Copy out exactly the stretch of the listing below that begins at the line containing "Apartment, Kitchen |" and ends at the line containing "Rear view of", and copy nothing outside it.

== EXTRACTED INFORMATION ==

-- Opening Marker --

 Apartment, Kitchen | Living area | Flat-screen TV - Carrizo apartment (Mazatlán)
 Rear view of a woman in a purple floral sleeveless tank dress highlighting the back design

-- Closing Marker --
-- Opening Marker --

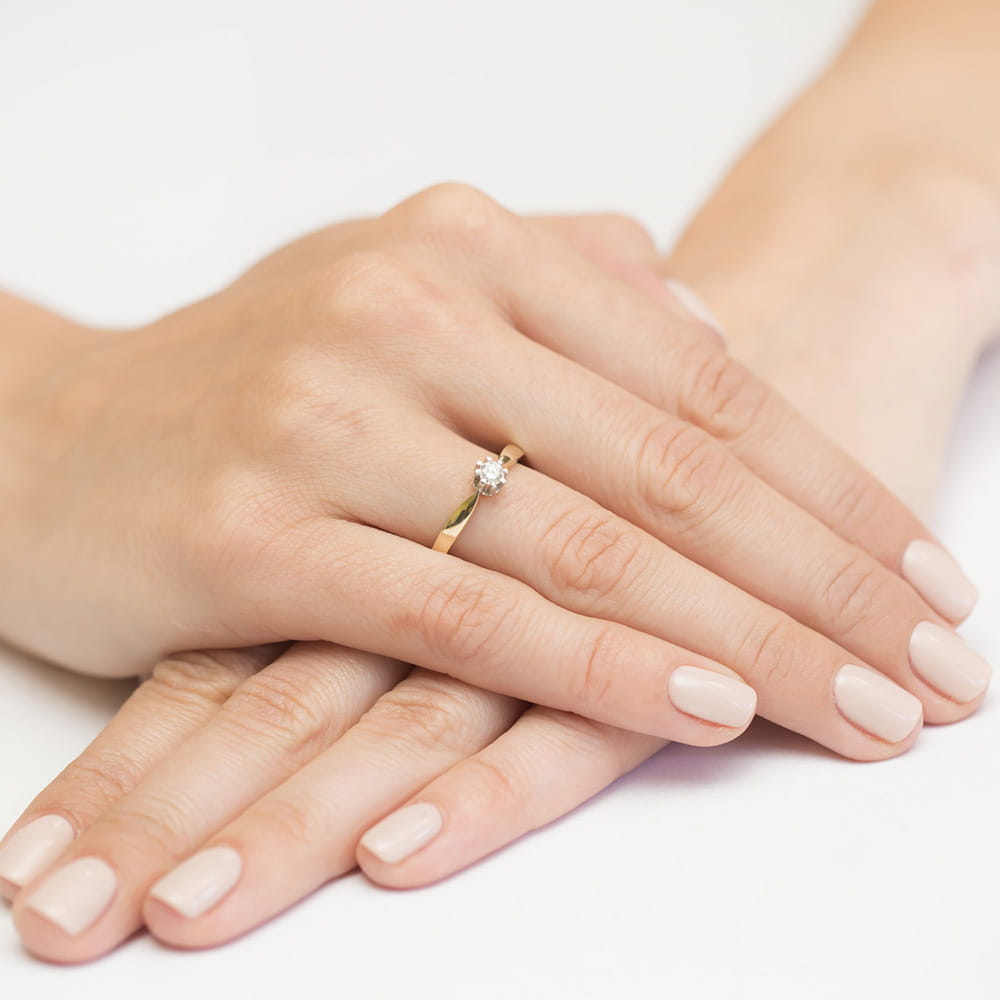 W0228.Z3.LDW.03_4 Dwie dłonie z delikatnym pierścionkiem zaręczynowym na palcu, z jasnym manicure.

-- Closing Marker --

== PROBLEM SOLUTION ==
 Apartment, Kitchen | Living area | Flat-screen TV - Carrizo apartment (Mazatlán)
 Rear view of a woman in a purple floral sleeveless tank dress highlighting the back design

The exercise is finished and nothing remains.